Technical information
- Licensing authority: FCC
- Facility ID: 465
- Class: A
- ERP: 2,100 watts
- HAAT: 172 meters (564 ft)
- Transmitter coordinates: 43°20′44″N 75°15′00″W﻿ / ﻿43.34556°N 75.25000°W

Links
- Public license information: Public file; LMS;
- Webcast: Listen Live
- Website: air1.com

= WAWR =

Air 1 radio station in Remsen–Utica, New York

WAWR (93.5 FM) is a radio station that broadcasts a Christian worship format and airs programming from the nationally syndicated Air1 feed. Licensed to Remsen, New York, United States, the station serves the Utica–Rome area. The station is owned by Educational Media Foundation.

==History==
The station signed on the air on December 1, 1982, and ran as an adult contemporary station as WIBQ (B-93.5) until 1992 when it switched format and callsign to WKDY to become "Hot Country KDY 93.5". KDY Country stayed on 93.5 until a frequency swap took place in 1993 between WKDY and oldies-formatted WUUU. WUUU then became "Oldies 93.5".

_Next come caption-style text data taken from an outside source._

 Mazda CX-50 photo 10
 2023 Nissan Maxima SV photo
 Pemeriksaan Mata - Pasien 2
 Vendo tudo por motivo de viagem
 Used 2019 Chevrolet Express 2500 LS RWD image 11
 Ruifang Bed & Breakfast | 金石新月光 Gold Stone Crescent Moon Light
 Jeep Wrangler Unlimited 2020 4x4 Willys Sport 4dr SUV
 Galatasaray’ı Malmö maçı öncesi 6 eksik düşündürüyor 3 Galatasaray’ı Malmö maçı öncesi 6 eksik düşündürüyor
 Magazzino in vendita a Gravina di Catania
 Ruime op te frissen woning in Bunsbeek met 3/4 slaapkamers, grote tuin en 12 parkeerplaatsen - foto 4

More than a year later, Norma Eilenberg changed WUUU's format to easy listening and became "Warm 93.5". In 1996, "Warm 93.5" switched its callsign to WRFM. It adopted the slogan "not lite, just right" posing itself a rival to longtime AC Station WLZW (Lite 98.7).

In 1997, Norma Eilenberg sold WRFM along with sister station WSKS to Dame Media and WRFM rebranded as "93.5 Warm FM", but retained the format. A year later, the station began to switch to a Christmas music format between Thanksgiving and Christmas.

In 1999, Dame Media was brought by Clear Channel Communications (now iHeartMedia). Clear Channel retained WRFM's format as "93.5 Warm FM" until December 26, 2002, when it flipped to an oldies format as "Kool 93.5". Its slogan, "Superhits Of The 60's and 70's" posed itself as a competitor to Oldiez 96 (WODZ). Shortly afterward, the station changed calls to WUCL.

Clear Channel attempted to boost coverage in the Utica area with the addition of translator W231BI which was installed on the same Smith Hill tower as then-sister station WOUR. Despite the signal boost for downtown Utica, "Kool 93.5" was no match for WODZ. In December 2004, WUCL changed format to classic hits/adult contemporary and became "93.5 The River" with the slogan "It's All About The Music". One month after the format change Clear Channel changed the station's callsign to WOKR, the former call letters of Rochester's WHAM-TV which was also owned by Clear Channel Communications. The format served as a complement to then-sister station WOUR.

In 2007, Clear Channel decided to exit the small markets such as the Utica-Rome market. Galaxy Communications acquired WOKR and spun off the station, along with its own classic rock station WRCK, to Educational Media Foundation. WOKR then joined the God's Country Radio Network while WRCK joined the Air 1 satellite feed.

WOKR's affiliation with God's Country was made possible by a local marketing agreement between EMF and God's Country Radio Network formed, in June 2008. Under the agreement, both parties agreed that if God's Country Network could satisfy the terms of the LMA (the length of the LMA contract term was not made public), it would eventually assume ownership of both stations.

The following month, EMF requested permission to move WOKR's primary translator to a new site in East Floyd, New York. EMF contended that it would allow WOKR to provide a city-grade signal covering Utica without the need for a translator.

God's Country dissolved in November 2010. EMF changed the affiliations of most of the God's Country affiliates it owned to Radio Nueva Vida, while WOKR took over the Air 1 affiliation from WRCK. In March 2012, WRCK was spun off to Ken Roser, owner of WUTQ and WADR and began simulcasting their programs as WUTQ-FM. The station changed its callsign to WARW on January 7, 2015. On July 19, 2019, EMF moved the WARW call sign to its Air 1 station in Port Chester, New York, with 93.5 becoming WAWR.